Analysis: I’m not particularly a fan of David Gerrold – he’s said contemptuous things about fans once too often – but there’s no way not to enjoy this sequel to the always-popular original series episode “The Trouble With Tribbles.” Structurally, they’re very similar, with the same Klingon threat, the same tribbles-threatening-grain situation, even the same gags with a tribble in Kirk’s command chair and piles of tribbles falling on his head; everything’s just outsized in the new one, from the new quintotriticale to the gigantic tribbles to the dangerous new Klingon weapon that proves to have a fatal flaw. The only difference is that instead of Arne Darvin playing the coward at the end, that honor falls to the poor glommer. It’s a fun, familiar story, with many moments of humor among the characters and plenty of unusual shipboard scenes – how often do we see barrels of grain being devoured by pink tribbles in the corridors?

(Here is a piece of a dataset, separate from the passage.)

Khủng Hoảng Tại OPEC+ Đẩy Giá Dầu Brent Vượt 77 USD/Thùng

The dialogue is quick and clever, well–played by the cast regulars, though I missed William Campbell as Koloth (as is typical in the animated series, James Doohan does double duty and voices the character). When Spock says that tribbles are well known for their proclivity in multiplication, Jones adds, “And they breed fast, too!” Early on in the episode when the Klingons use the stasis field to inhibit every tactical system on the Enterprise, Uhura says the crew could throw rocks at them; later on, Spock suggests throwing tribbles, leading Kirk to say that he thought Vulcans didn’t have a sense of humor, to which Spock replies, deadpan, that they don’t. When Kirk learns that Jones sold tribbles on a Klingon planet and reminds Jones that tribbles don’t like Klingons, Jones replies calmly that Klingons like tribbles even less. And when Kirk complains that there are too many tribbles on the Enterprise for his security officers to handle, Jones replies that Kirk needs better security officers.

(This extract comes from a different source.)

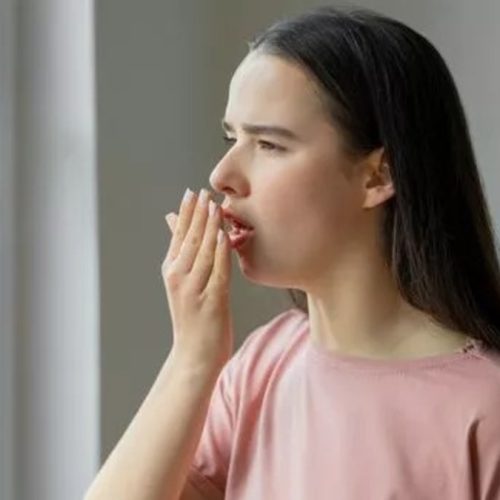 வாய் துர்நாற்றம்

I have nothing deep or meaningful to say about “More Tribbles, More Troubles”; I do wonder whether someone clever enough to alter tribbles so they live in enormous colonies isn’t also clever enough to design his own glommer rather than steal one from the Klingons, and it’s never really explained why Jones needs a glommer in the first place, since he must have left Space Station K-7 to steal it in the first place, thus evading his requirement that he clean up all the tribbles there. I’m a bit curious why McCoy didn’t come up with neoethylene or any tribble treatment at K-7 the first time, though I guess Kirk had decided that the tribbles weren’t his problem, though they’d destroyed a shipment of grain whose safety he never took all that seriously in the first place – though the famine on Sherman’s Planet would seem to suggest in retrospect that Nilz Baris had a right to be concerned way back when.

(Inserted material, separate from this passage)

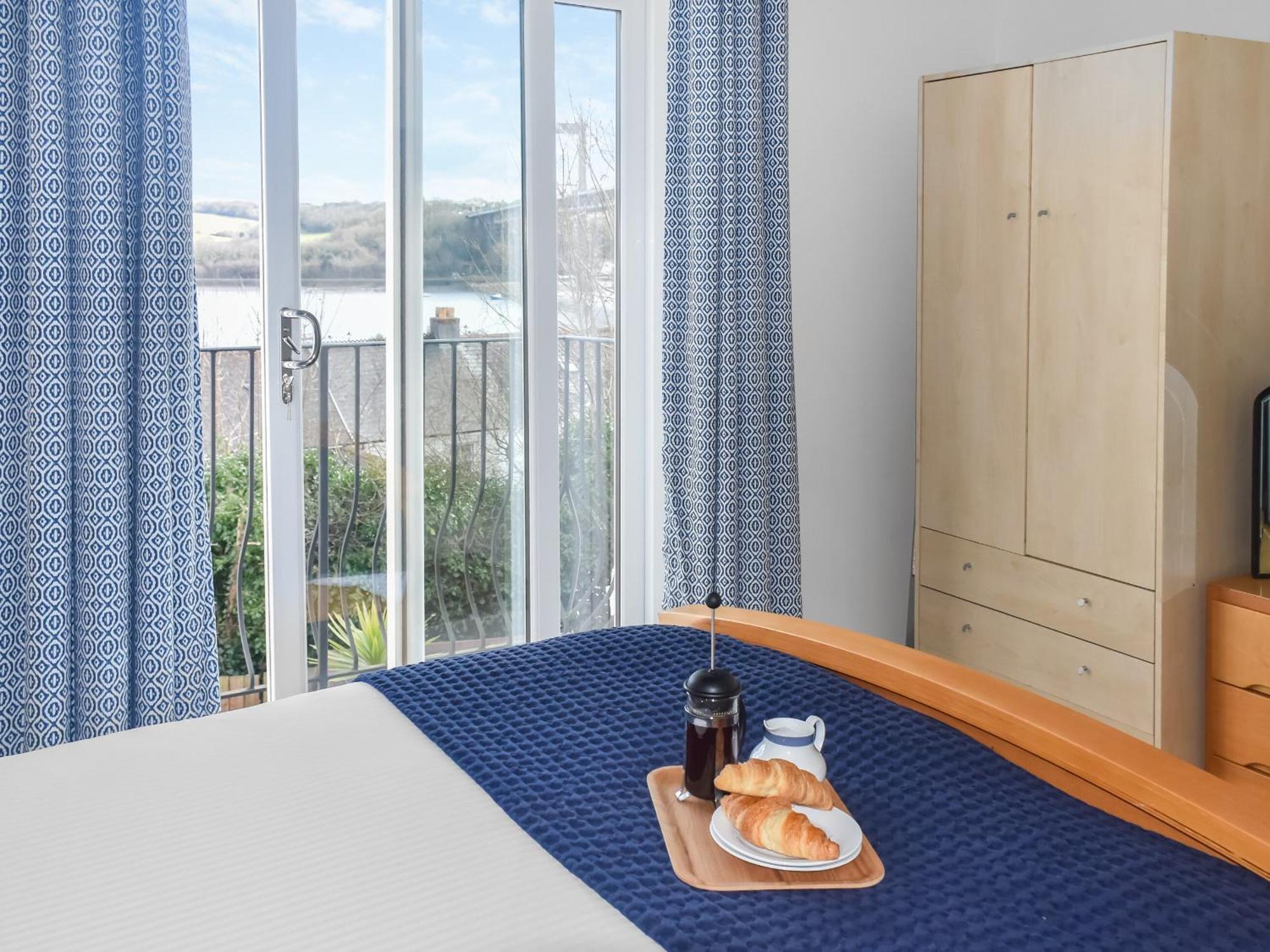 Villa Tamar View à Saltash Extérieur photo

One nitpick: Would the weight of the grain on the ship really slow the Enterprise down? I don’t really understand the fiction of warp drive, but I didn’t think such minimal added mass would have any effect on it (or else the weight of the tribbles might have the same effect). I don’t think we’re supposed to be worrying about the science, anyway; the glommer appears to digest tribbles whole without creating waste, and it runs like Wile E Coyote when he’s just chased the Road Runner off a cliff. Between that, Koloth’s villainous bluster, and the slapstick humor with the tribbles, it’s pretty clear we’re supposed to be watching with our tongues in our cheeks, as with the original episode. I’m only sorry Chekov isn’t around to tell us that quintotriticale is a Russian inwention.